TASK INSTRUCTIONS
The listing is to be transcribed in full, with its images left out.

DATASET CONTENT

-----

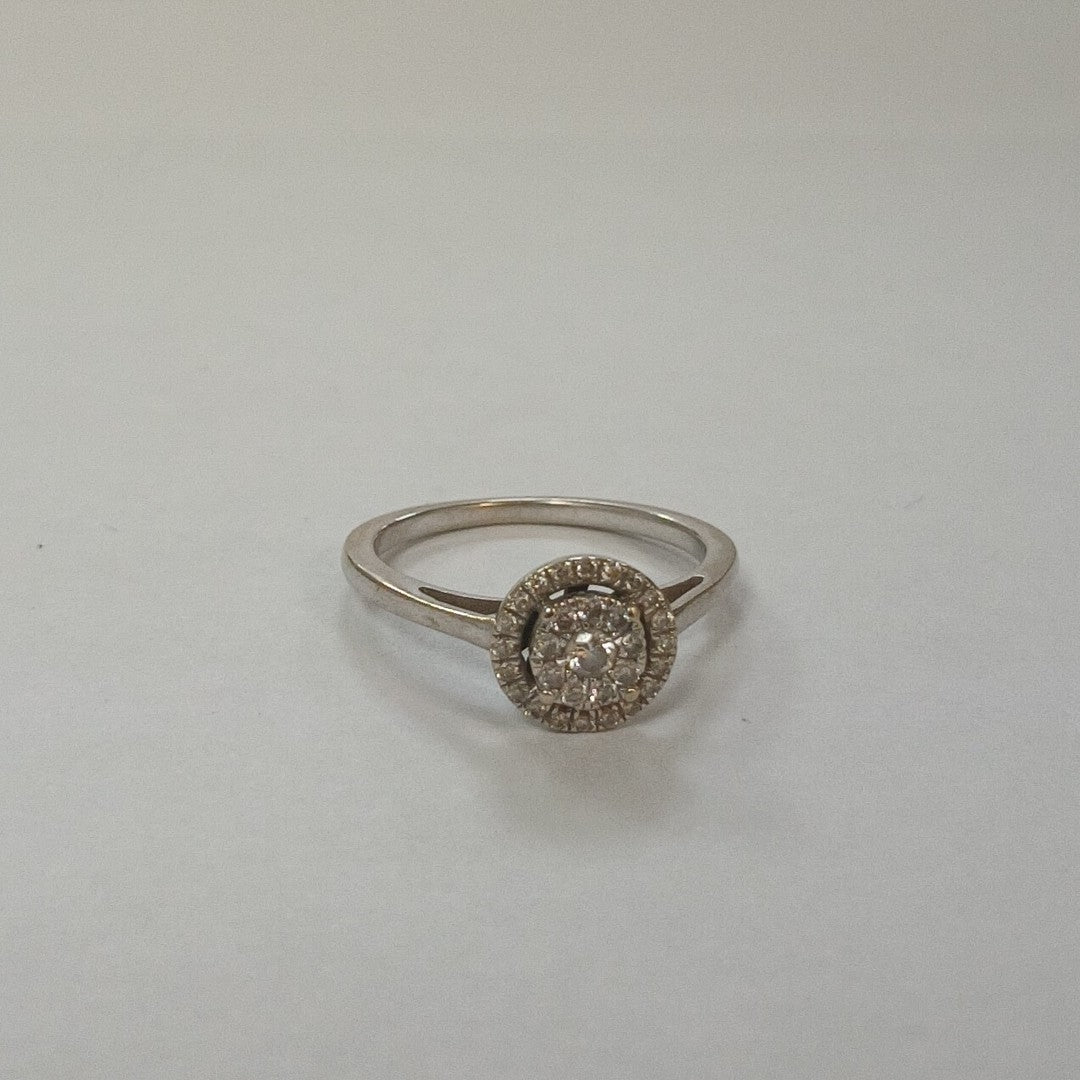 ANILLITO ORO BLANCO 14 K 2.6 GRMS (SEMINUEVO)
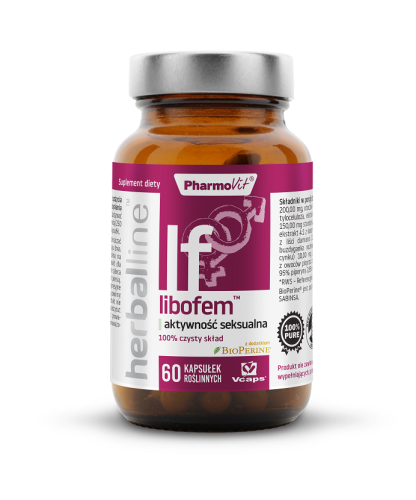 KAPSUŁKI NA AKTYWNOŚĆ SEKSUALNĄ (LIBOFEM) 60 szt. (28,38 g) - PHARMOVIT (HERBALLINE)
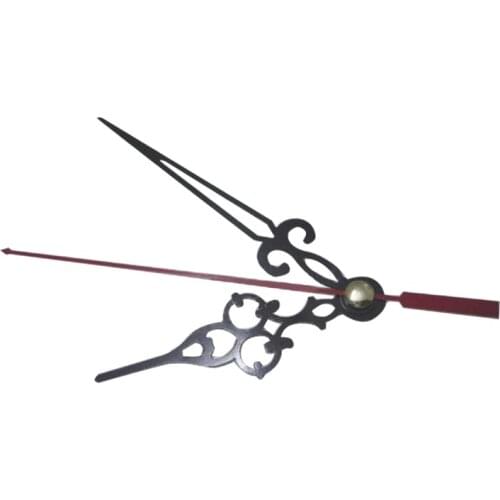 100pcs/lot free ship Quartz Movement Clocks Mechanism, Clock Parts Accessory Spindle With Metal Hour/Min/Second Hands/Needle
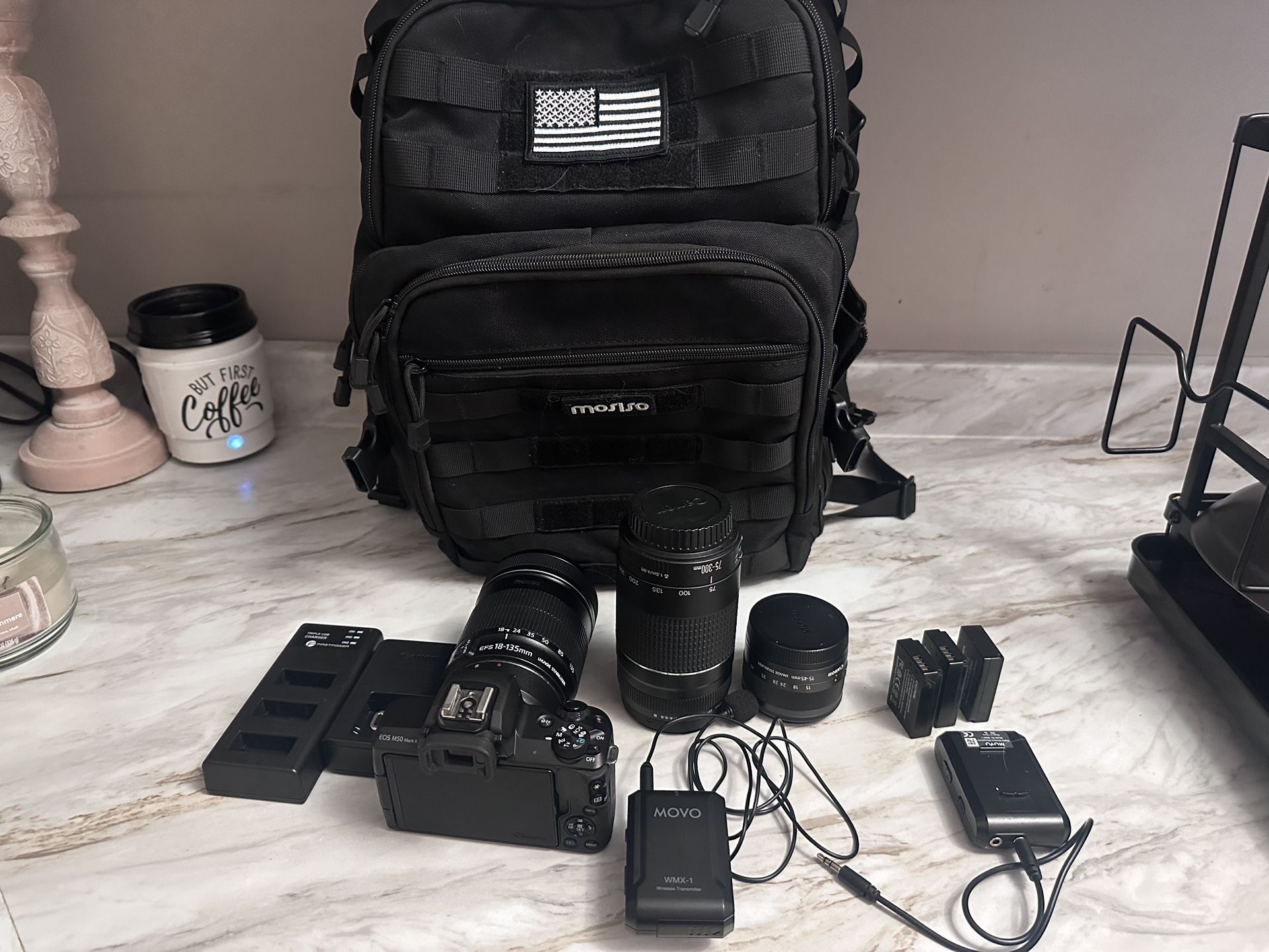 Camera Cannon M50 MK 2 With camera Gear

-----

TASK RESPONSE
 ANILLITO ORO BLANCO 14 K 2.6 GRMS (SEMINUEVO)
 KAPSUŁKI NA AKTYWNOŚĆ SEKSUALNĄ (LIBOFEM) 60 szt. (28,38 g) - PHARMOVIT (HERBALLINE)
 100pcs/lot free ship Quartz Movement Clocks Mechanism, Clock Parts Accessory Spindle With Metal Hour/Min/Second Hands/Needle
 Camera Cannon M50 MK 2 With camera Gear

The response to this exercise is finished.